Adversarial Defense in Cybersecurity: A Systematic Review of GANs for Threat Detection and Mitigation
Tharcisse Ndayipfukamiye, Jianguo Ding, Doreen Sebastian Sarwatt, Adamu Gaston Philipo, Huansheng Ning
TL;DR
This systematic review analyzes GAN-based adversarial defenses in cybersecurity from 2021 to August 31, 2025, using a PRISMA-driven protocol to synthesize 185 peer-reviewed studies. It introduces a novel four-dimensional taxonomy—defensive function, GAN architecture, cybersecurity domain, and adversarial threat model—and provides a critical benchmarking framework and gap analysis. The review finds GANs improve detection, robustness, and data utility across network intrusion detection, malware analysis, and IoT security, with notable gains from WGAN-GP, CGANs, and hybrid models, while also identifying persistent challenges such as training instability, high computational cost, and lack of standardized benchmarks. It culminates in a practical roadmap that emphasizes stable architectures, unified evaluation, real-world deployment, and defenses against emerging threats like LLM-driven attacks, laying a foundation for scalable, trustworthy GAN-powered cyber defenses.
Abstract
Machine learning-based cybersecurity systems are highly vulnerable to adversarial attacks, while Generative Adversarial Networks (GANs) act as both powerful attack enablers and promising defenses. This survey systematically reviews GAN-based adversarial defenses in cybersecurity (2021--August 31, 2025), consolidating recent progress, identifying gaps, and outlining future directions. Using a PRISMA-compliant systematic literature review protocol, we searched five major digital libraries. From 829 initial records, 185 peer-reviewed studies were retained and synthesized through quantitative trend analysis and thematic taxonomy development. We introduce a four-dimensional taxonomy spanning defensive function, GAN architecture, cybersecurity domain, and adversarial threat model. GANs improve detection accuracy, robustness, and data utility across network intrusion detection, malware analysis, and IoT security. Notable advances include WGAN-GP for stable training, CGANs for targeted synthesis, and hybrid GAN models for improved resilience.
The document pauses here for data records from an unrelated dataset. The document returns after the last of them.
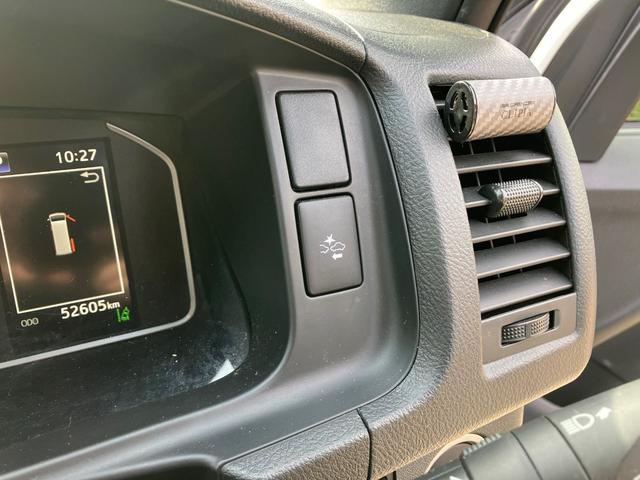 ハイエースバン スーパーGL ダークプライムII ロングボディ ディーゼルターボ 4WD スポイラー ベッドキット ETC 盗難防止システム 衝突安全ボディ 衝突被害軽減システム オートマチックハイビーム メモリーナビ フルセグTV バッグカメラ(22枚目)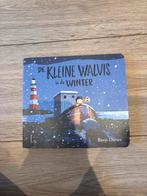 De Kleine Walvis in de Winter, Ophalen of Verzenden, Zo goed als nieuw, 1 tot 2 jaar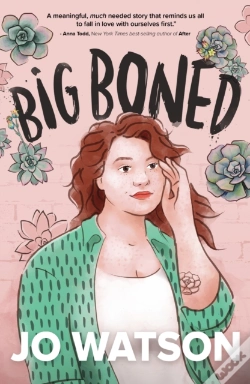 Capa do artigo Big Boned
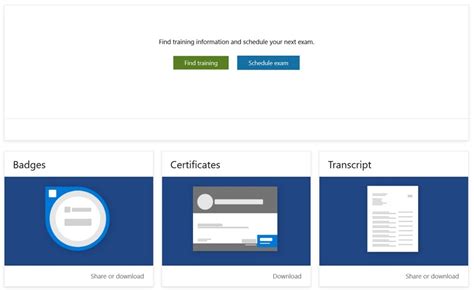 It will help you to to automate any signature approval. Microsoft Certification program FAQs | Microsoft Docs
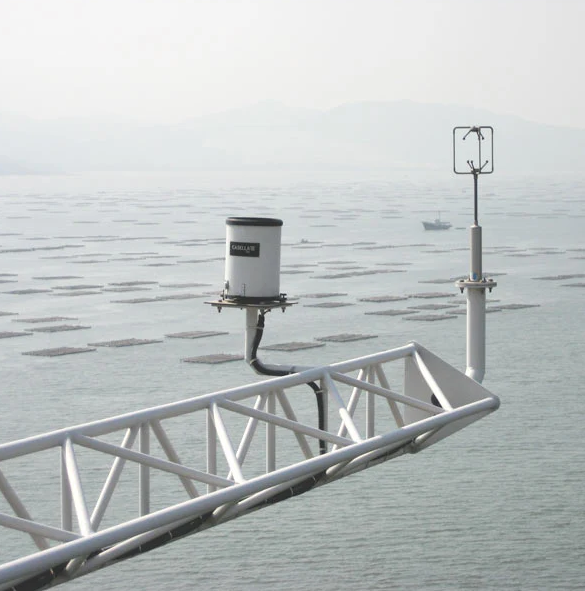Anemometru cu 3 axe R3-50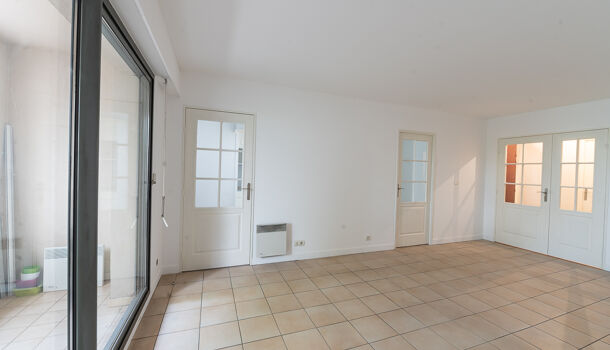 Appartement 2 pièces  à vendre Marseille 8eme 13008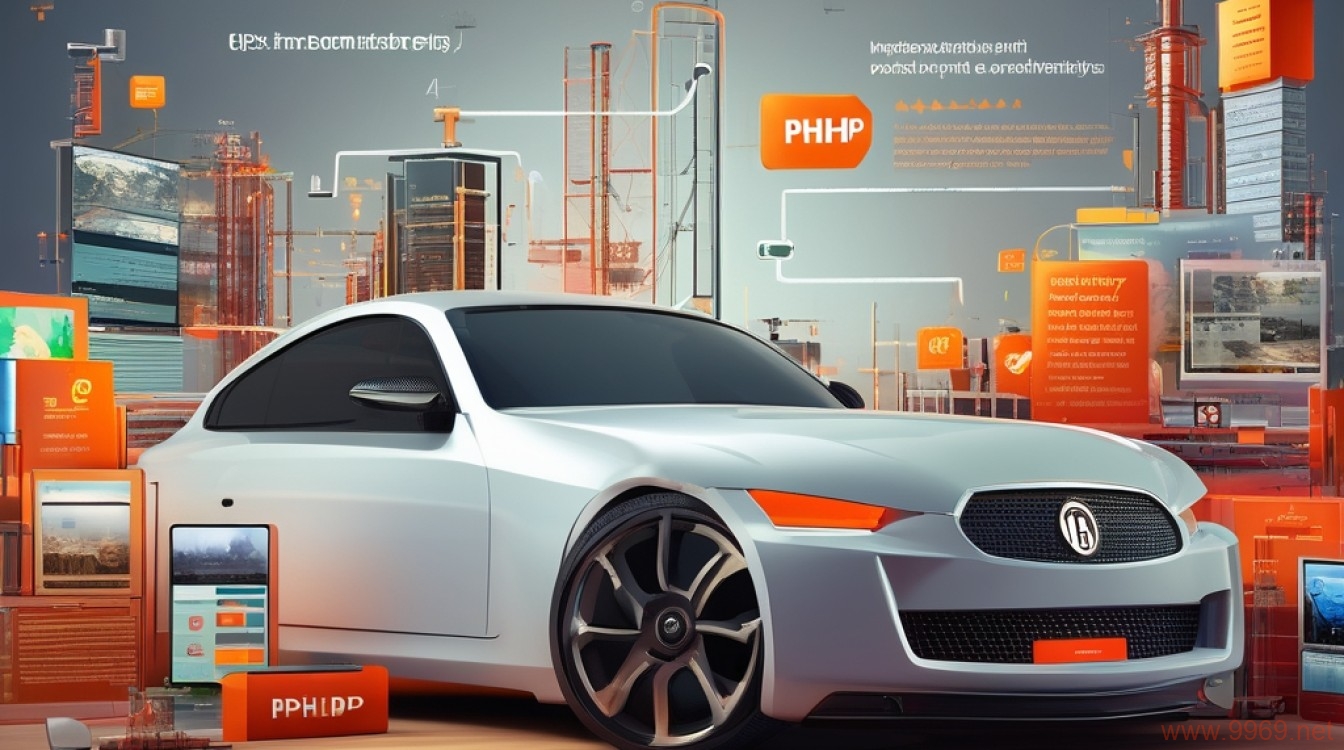 PHP网站有哪些独特特点？深入了解PHP的魅力与优势！插图2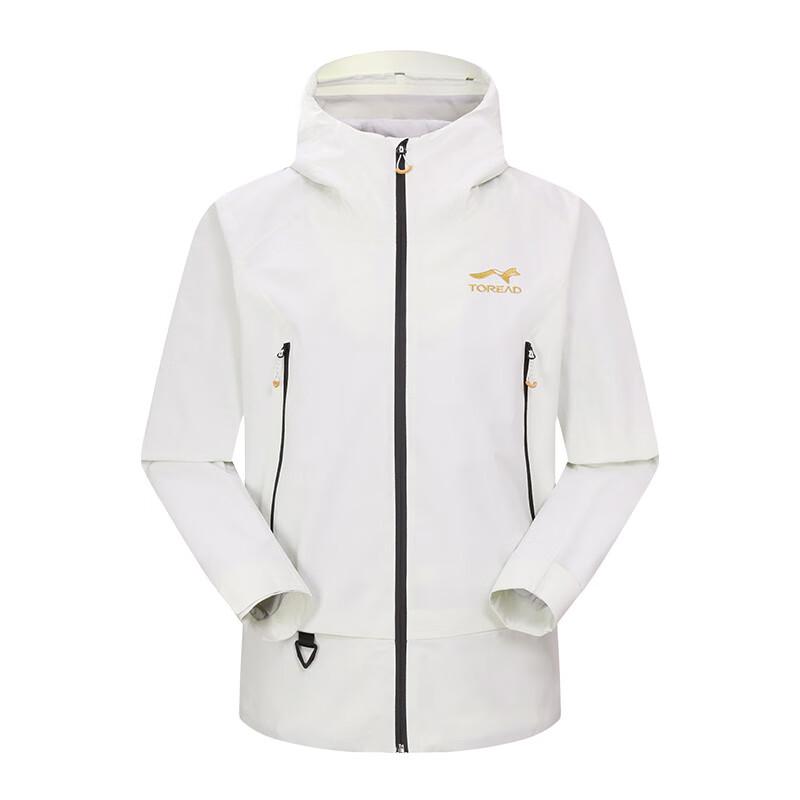 Toread Swift Fox Unisex Waterproof Outdoor Shell Jacket TABBBN80888 M
Toread Swift Fox Unisex Waterproof Outdoor Shell Jacket TABBBN80888 M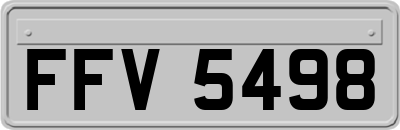 FFV5498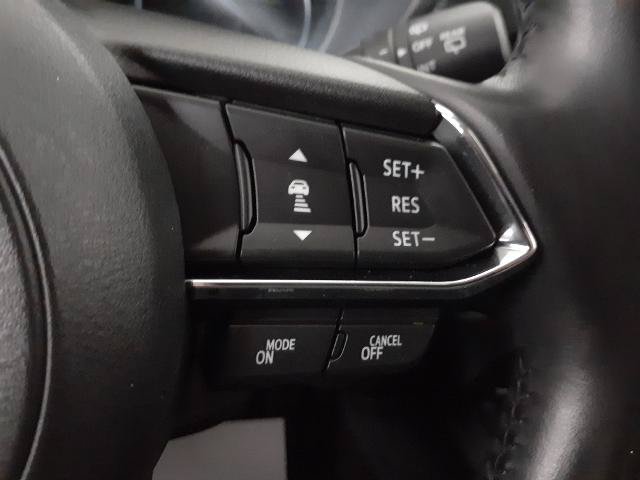 Used 2019 MAZDA CX-5 Grand Touring w/ GT Premium Package AWD/4WD image 22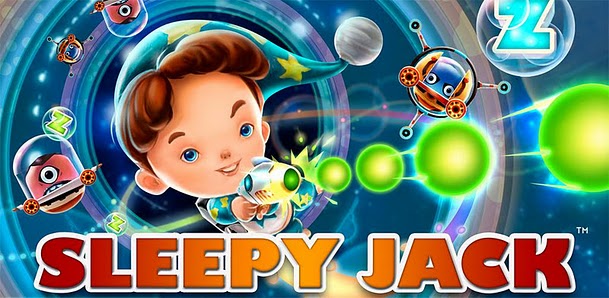 Sleepy Jack Galaxy S2 Lite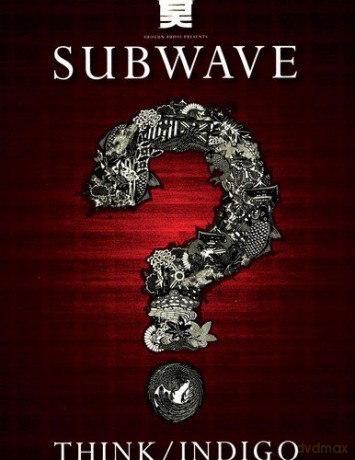 Subwave: Think/Indigo [Winyl]
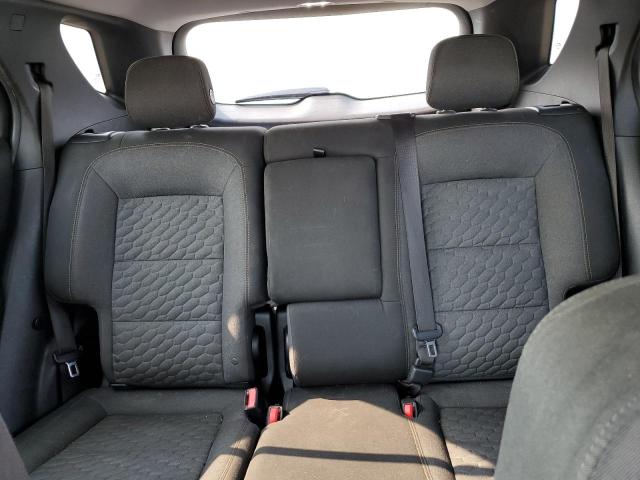 2019 CHEVROLET EQUINOX LT 3GNAXKEV0KS549281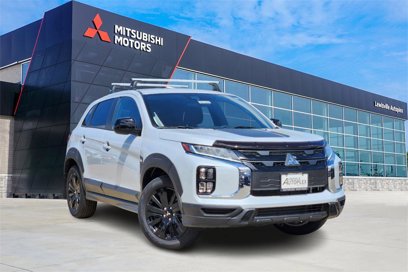 New 2024 Mitsubishi Outlander Sport AWD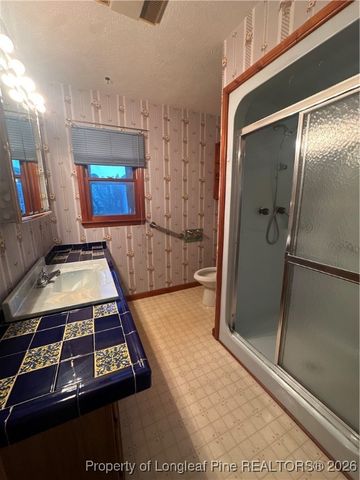 1410 Split Rail Drive, Parkton, NC 28371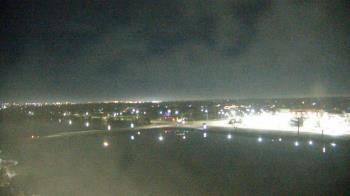 Weather camera view of Commerce Bank.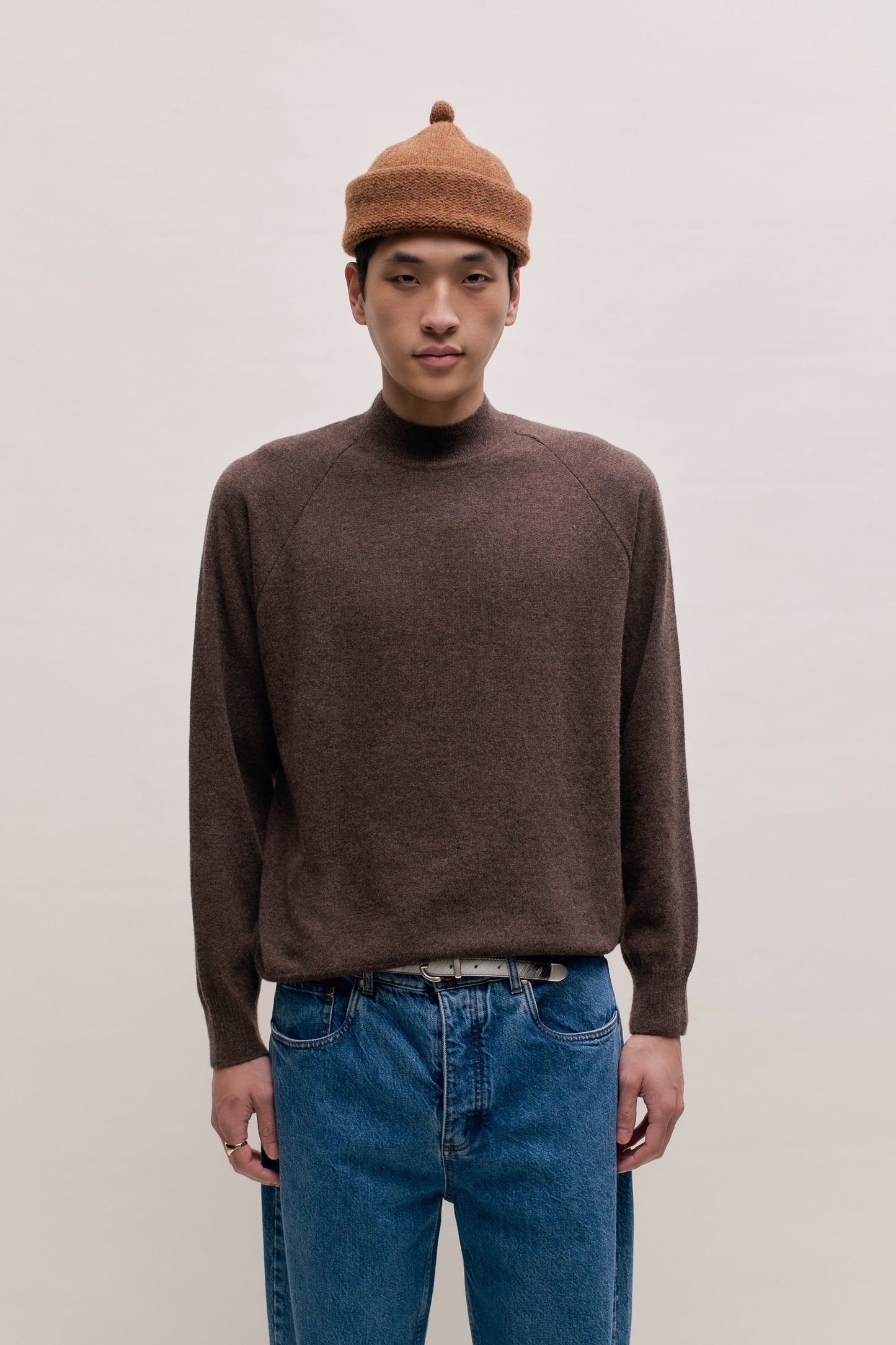 MORELLO HIGHNECK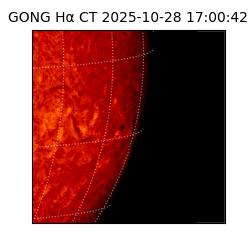gong - 2025-10-28T17:00:42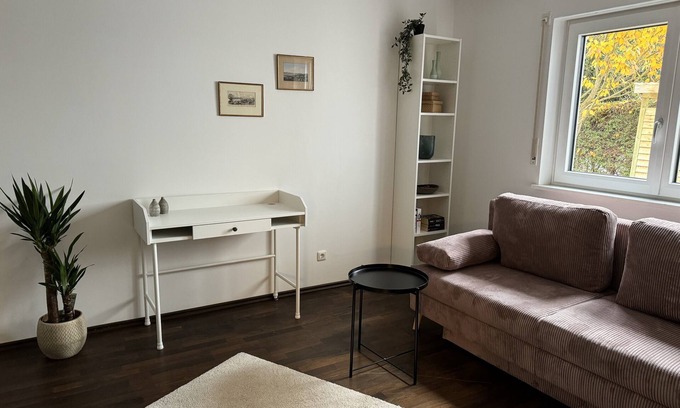 Furstenfeldbruck District Apartment | Cozy 2.5 room apartment in Fürstenfeldbruck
Yet, persistent challenges remain such as instability in training, lack of standardized benchmarks, high computational cost, and limited explainability. GAN-based defenses demonstrate strong potential but require advances in stable architectures, benchmarking, transparency, and deployment. We propose a roadmap emphasizing hybrid models, unified evaluation, real-world integration, and defenses against emerging threats such as LLM-driven cyberattacks. This survey establishes the foundation for scalable, trustworthy, and adaptive GAN-powered defenses.